Most fans NBA observers have not heard of Nicolas Batum. But the 23-year-old swingman has been the focus of the desires of his old team, the Portland Trail Blazers, and his potential new team, the Minnesota Timberwolves, in a contentious battle for his services.
Each club is enamored with his talent as a diverse, 6-foot-8 shooter and outstanding perimeter defender.

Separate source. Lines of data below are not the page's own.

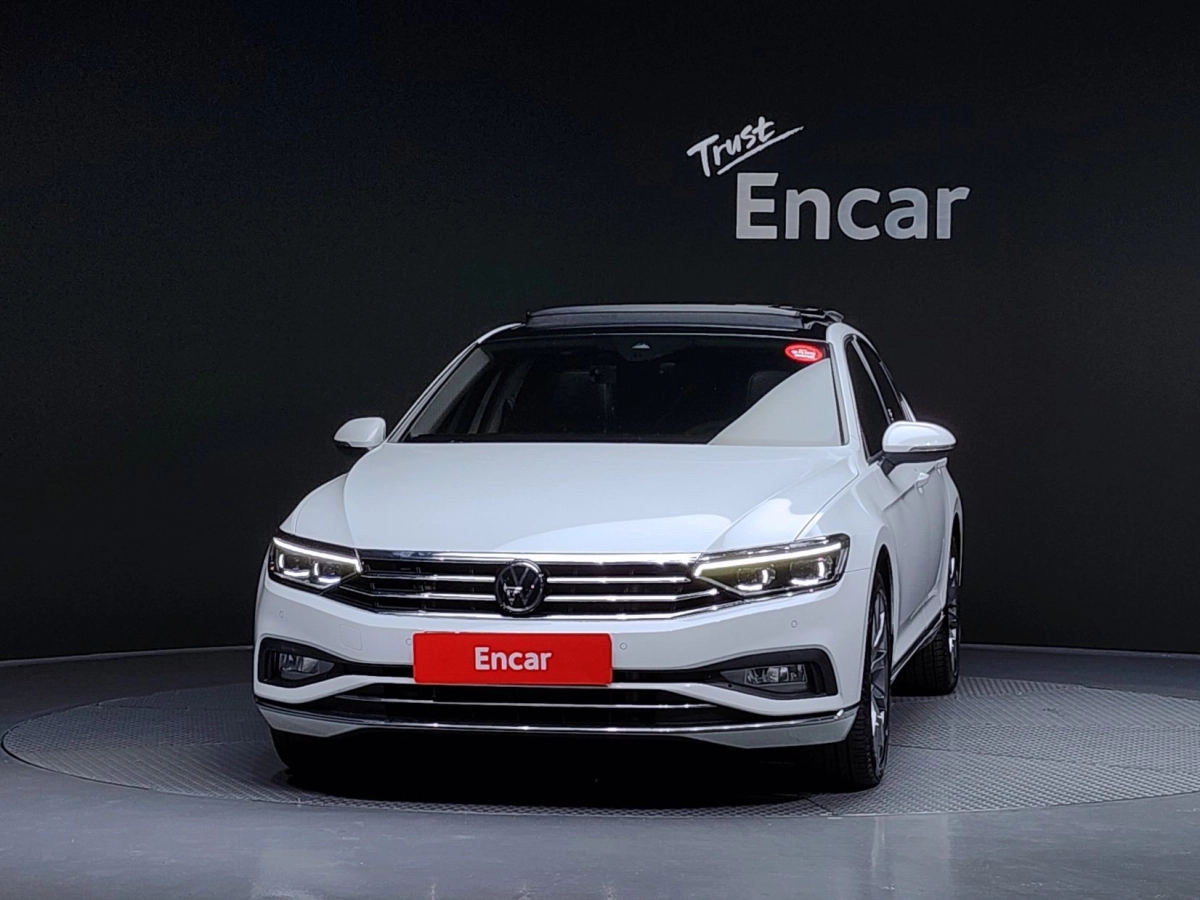 VOLKSWAGEN PASSAT GT B8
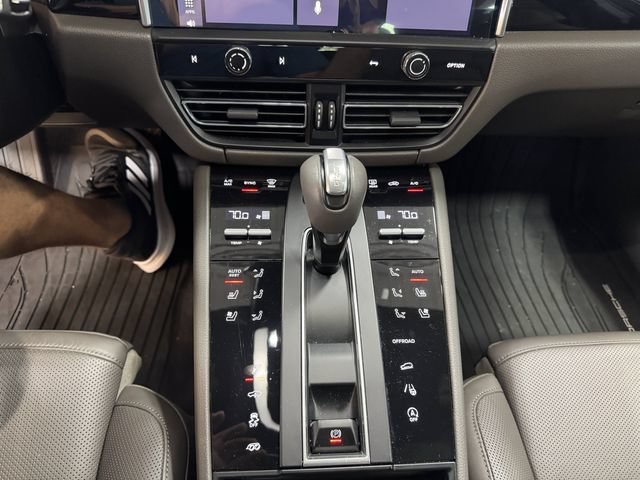 Used 2023 Porsche Macan S AWD/4WD image 21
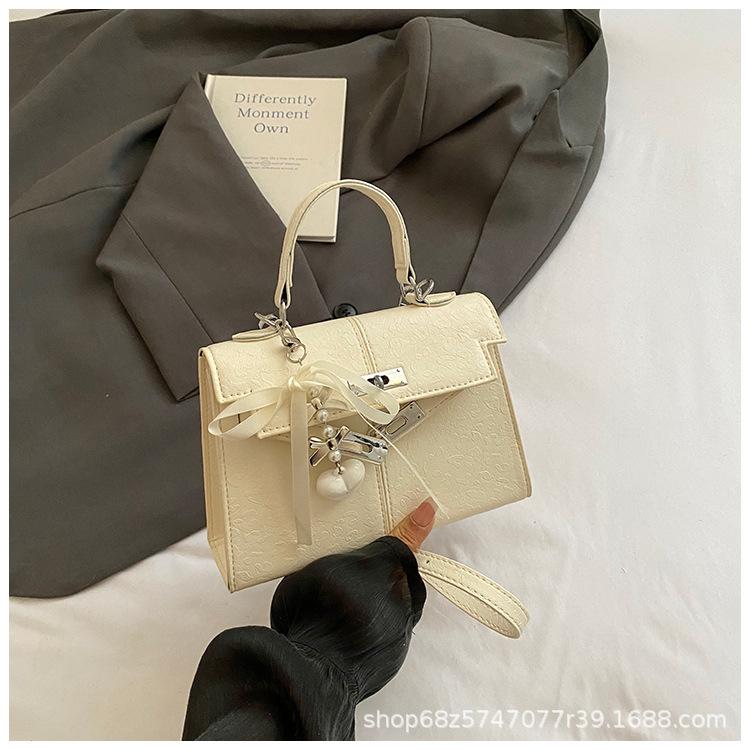

Bag Women s 2025 New Fashion Women s Handbag One Shoulder Crossbody Bag Temperament Versatile Kelly Bag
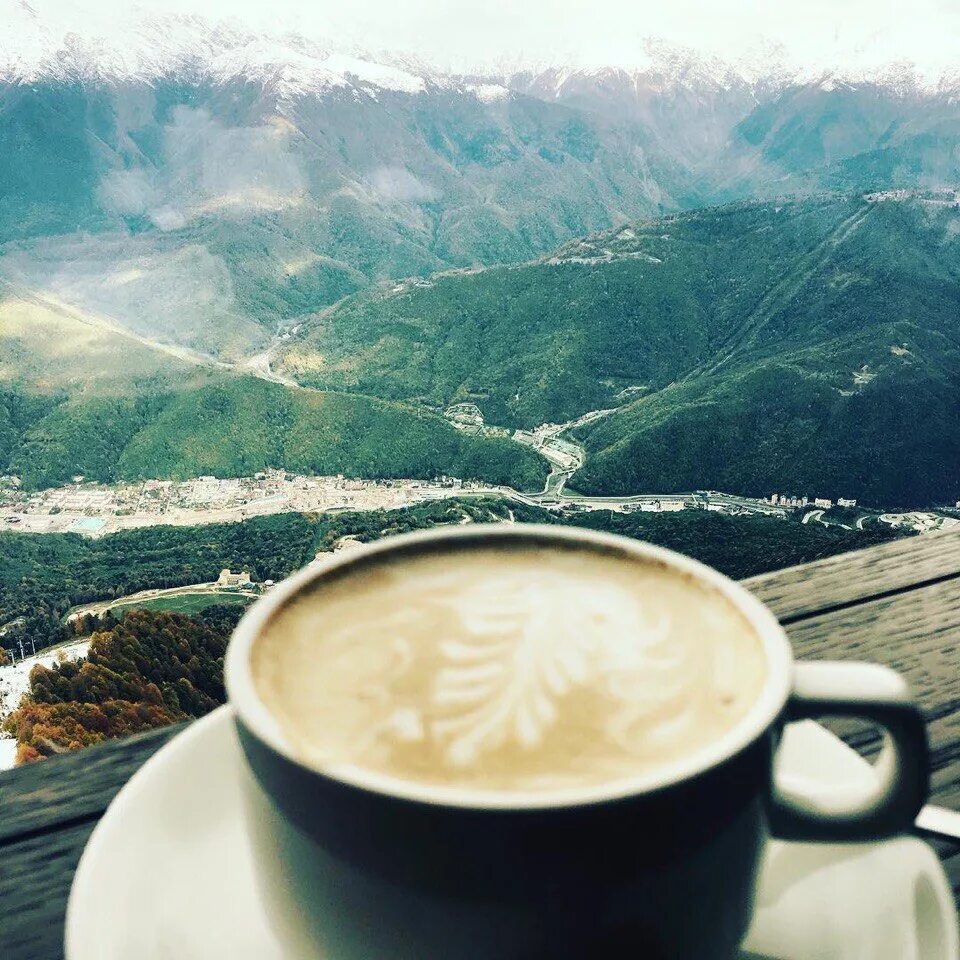 Утро ди. Доброе утро Сочи. Доброе утро Сочи горы. Кофе в горах Сочи. Сочи горный доброе утро.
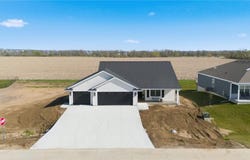 247 Hackberry Dr, Palo, IA 52324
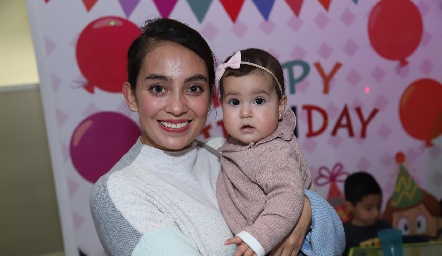  Mirna Liñán y Loretta.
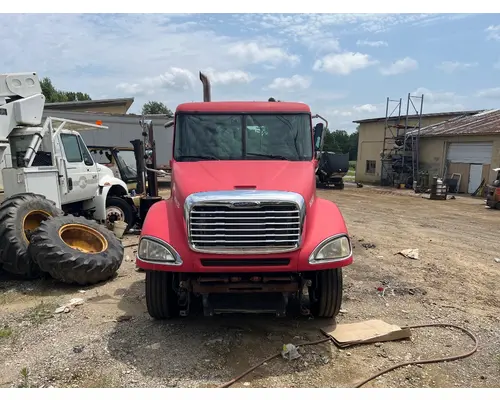 FREIGHTLINER COLUMBIA Complete Vehicle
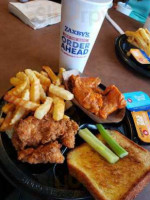 Zaxby's food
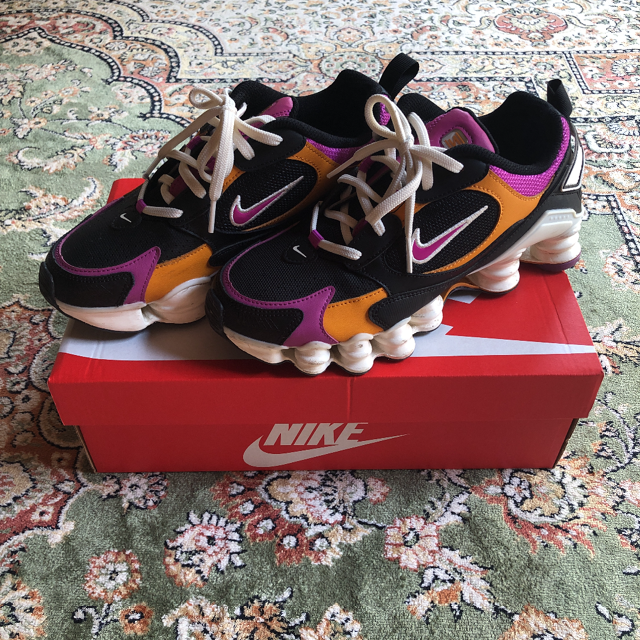 NIKE SHOX TL NOVA ナイキ ショックス TL ノヴァ スニーカー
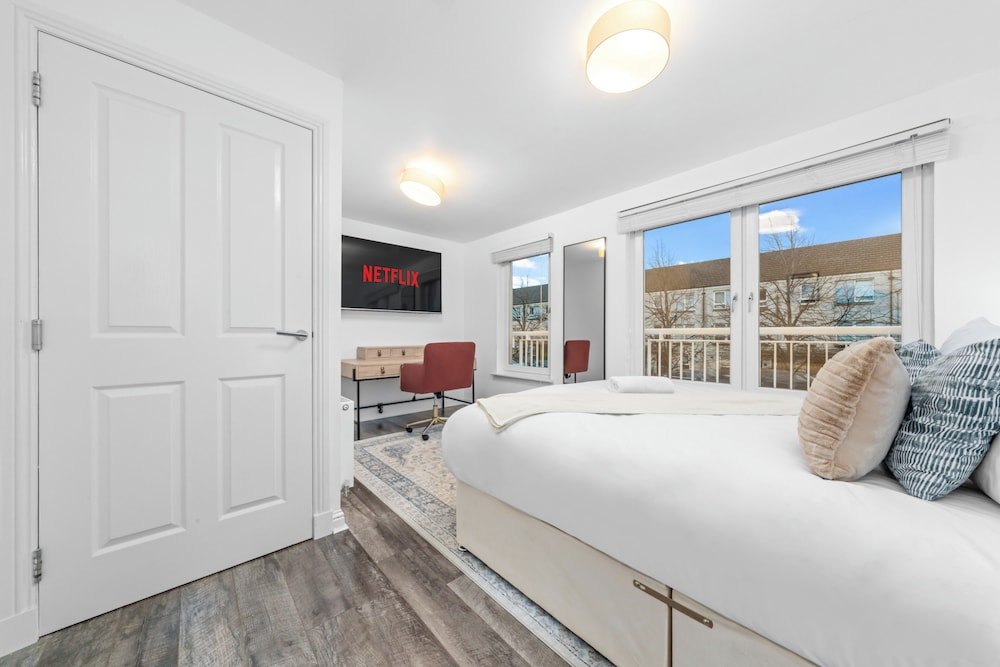 Urban Elegance 5-Bed Glasgow Home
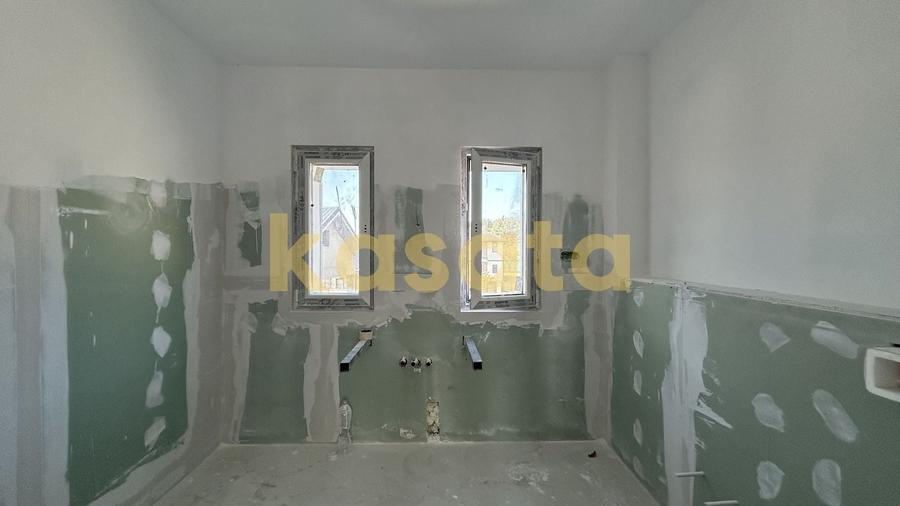 Duplex cu 4 camere cu Canalizare în Balotești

The T’Wolves signed Batum to a four-year, $46-million offer sheet that could go up to $50 million is certain incentives are met
The contract is a significant one for a player who has averaged 10.2 points and 3.9 rebounds in his first three NBA seasons.
Portland has three days to match the offer.
Minnesota president David Kahn and coach Rick Adelman said Batum is ideal for their more open offensive system and can grow alongside rising young stars Kevin Love and Ricky Rubio.
”We’re not in control of the situation,” Kahn said. ”I’m more of a glass-half-full person. You hope for the best and prepare for the worst. We’re prepared for every option.”
One would be hard pressed to find an option that hasn’t been considered while these two teams have gone back and forth over the last week.
The Wolves hosted Batum in the Twin Cities for a visit last week and he was impressed with what he heard. Agent Bouna Ndiaye said that his client was unhappy with how he was being used in Portland and would much prefer to play under Adelman and alongside Love and Rubio in Minnesota. They agreed to terms on an offer July 6, and spent the last 10 days trying to negotiate a sign-and-trade deal with the Blazers to make it happen.
But Olshey has been adamant that the Blazers would match any offer and were not interested in the assets the Wolves had to peddle in trade.
The process had several stops and starts, with Wolves owner Glen Taylor saying on Thursday the team planned ”to call their bluff” and submit the offer sheet after being unwilling to part with Derrick Williams or Nikola Pekovic to get the deal done. But league rules forced the Wolves to wait until swingman Martell Webster, who was bought out on Friday, cleared waivers to create enough cap room for the deal to fit on the Wolves’ books.